Now Wisconsin is about to become the only state to let dogs be used in wolf hunts. A judge’s injunction blocking the use of dogs in last year’s inaugural hunt has been lifted; the case is now before a state appeals court. This year’s hunt, with a kill goal of 275 wolves, begins Tuesday. Dogs can be used beginning Dec. 2.

McConnell and others warn of inevitable violent clashes. And with good reason.

According to the state Department of Natural Resources, wolves have killed 23 hounds so far this year, tying a 2006 record. All were being used to hunt or pursue bear, says DNR wildlife damage specialist Brad Koele.

Their owners can receive up to $2,500 per animal from the state. Many have already applied.

“People who choose to put their dogs at extreme risk of horrific injury are compensated,” McConnell says. “Some of these dogs die painful deaths, in a blood sport that it some cases is no better than organized dog fights.”

A recent study found that Wisconsin has a higher dog casualty rate than Michigan, which also allows their use in bear hunts. The lead author, a Michigan Tech wildlife ecologist, speculated that Wisconsin’s compensation program creates “an incentive for abuse” — that is, hunters who deliberately put their dogs at great risk.

Since 1985, a DNR tally shows, the state has spent $441,651 to reimburse hunters for hounds killed by wolves, usually while hunting or pursuing bear.
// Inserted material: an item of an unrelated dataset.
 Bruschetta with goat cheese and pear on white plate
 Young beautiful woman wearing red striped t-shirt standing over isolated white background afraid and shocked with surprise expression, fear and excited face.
Until last year these payments, and more than $1 million paid for wolf depredations of other animals, came in part from the state’s Endangered Resources Fund.

Now these payments come from application and license fees paid by prospective wolf hunters. Last year, Koele confirms, none of these fees went for wolf population monitoring or hunt management costs.

McConnell and Bodewes trace the state’s policies back to small but politically powerful advocacy groups. These prominently include the Wisconsin Bear Hunters Association, the state chapter of Safari Club International, and United Sportsmen of Wisconsin.

These three groups collectively spent nearly $400,000 since 2004 lobbying state officials, including their support for the wolf hunt law. Group officials did not respond to interview requests.

Former Republican state Rep. Scott Suder, the wolf hunt bill’s lead Assembly sponsor, helped United Sportsmen snare a $500,000 state grant, which Gov. Scott Walker yanked after concerns were raised about the group’s fitness and honesty. Suder ending up leaving a lucrative state appointment to become a lobbyist.

The owners of dogs killed by wolves while hunting wolves are not eligible for compensation. While McConnell is glad state funds won’t go to this purpose, she notes that hunters have “no motivation to report” dogs killed or injured.

A DNR official says the agency may try to gather information about dog casualties in its post-hunting-season questionnaire.